A headline on 24.kg says it all: “Sadyr Japaov flew to Uzbekistan. Took with him almost all the government.” Kyrgyzstan and Uzbekistan have lots to discuss, and following the political turmoil in Bishkek that gave rise to Japarov it’s important for the Kyrgyz president to establish relations with his neighboring governments. In the last few weeks, the Kyrgyz president has done just that with a bevy of visits.
Japarov first visited Russia, as Kyrgyz presidents tend to do, for a working visit in late February. He then made a state visit to Nur-Sultan in early March and has now touched down in Tashkent.
Accompanying Japarov on his state visit to Uzbekistan from March 11-12 are half a dozen ministers, several regional governors, the military and border security heads, and various other government representatives. Japarov was met at the airport by Uzbek Prime Minister Abdulla Aripov and scheduled to hold bilateral talks with President Shavkat Mirziyoyev, who welcomed him to the Kuksaroy Presidential Palace on March 11.
Japarov is also scheduled to hold talks with Tanzila Narbaeva, the chair of the Uzbek Senate, Nurdinjon Ismoilov, the speaker of the parliament’s legislative chamber, as well as Prime Minister Aripov. There will also be a concurrent Kyrgyz-Uzbek business forum.
Ahead of the visit, Dastan Dyushekeyev, the head of the presidential administration’s foreign policy department (who is also in the delegation), outlined the bones of the trip: topical bilateral and multilateral cooperation and prospects for future development and deepening ties.
In a press release following Japarov’s meeting with Mirziyoyev, the Kyrgyz side noted that the Uzbek president said that the people of both countries should feel “real results” and see that the heads of state “move from words to deeds.” He emphasized agreements reached to increase trade and eliminate trade barriers, boosting the number of joint ventures, and the creation of a Kyrgyz-Uzbek investment fund.
As with Japarov’s visits to Russia and Kazakhstan, the ultimate significance won’t really be in any grand agreements but the making of personal connections on which future developments rest. And the thorniest issues between Uzbekistan and Kyrgyzstan are personal.
While following the death of Islam Karimov in 2016, and the relative warming of Uzbekistan’s previously chilly relations with its neighbors, Bishkek and Tashkent made progress on settling their undemarcated border areas, there are still around 200 kilometers yet to be demarcated. The Kyrgyz-Uzbek border, as Bruce Pannier noted in an article last month, is 1,378 kilometers long and about 1,100 kilometers have been demarcated. What remains is difficult territory to determine ownership of, much of it around various exclaves dotting southern Kyrgyzstan.

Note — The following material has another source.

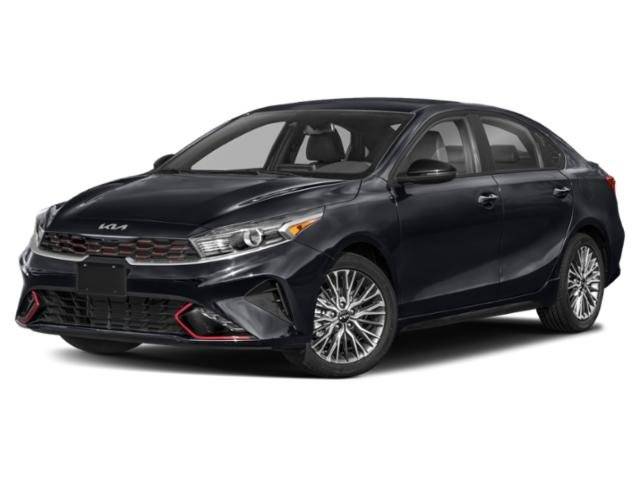 2023 Kia Forte LXS FWD photo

In the press release mentioned above, the Kyrgyz note that Japarov did discuss the border issue with Mirziyoyev. Japarov reportedly “noted with satisfaction” progress made on the border and the need to intensify the negotiation process. Given that governors of Batken, Jala-Abad, and Osh — which border Uzbekistan — are all accompanying Japarov, it’s safe to say there will be further discussion of the border. (The governor of Naryn is also in the delegation).
Another perennial issue likely to be discussed, but not immediately solved, will be the China-Kyrgyzstan-Uzbekistan (CKU) railway. It was not mentioned directly in the press release, but any conversations about trade and transport will likely touch on the railway issue. The Kyrgyz Minister of Transport, Architecture, Construction and Communications Gulmira Abdralieva is among the ministers in the delegation.
As Jalil Saparov and Bakyt Ibraimov explained in an analysis for The Third Pole in January, the railway has been under discussion for more than a quarter century and faces difficulties born of conflicting interests regarding specific routes through Kyrgyzstan, technical challenges, cost issues, and environmental concerns. The route functions, as of last summer, as a combined road-rail journey in which trains bring goods to Kashgar in China’s Xinjiang, near the Kyrgyz border. There they are loaded onto trucks that transport them across Kyrgyzstan to the city of Osh, where they are loaded onto trains again for the trip into Uzbekistan.
Saparov and Ibraimov noted that in his resignation speech in mid-October 2020, Sooronbay Jeenbekov said Kyrgyzstan needed the route “like it needs air and water” and expressed the hope that those who would come to power after him would make it a reality.
And, indeed, ahead of the visit Kyrgyz Foreign Minister Ruslan Kazakbaev told AKIpress in an interview that Kyrgyzstan attached great importance to the construction of the railway.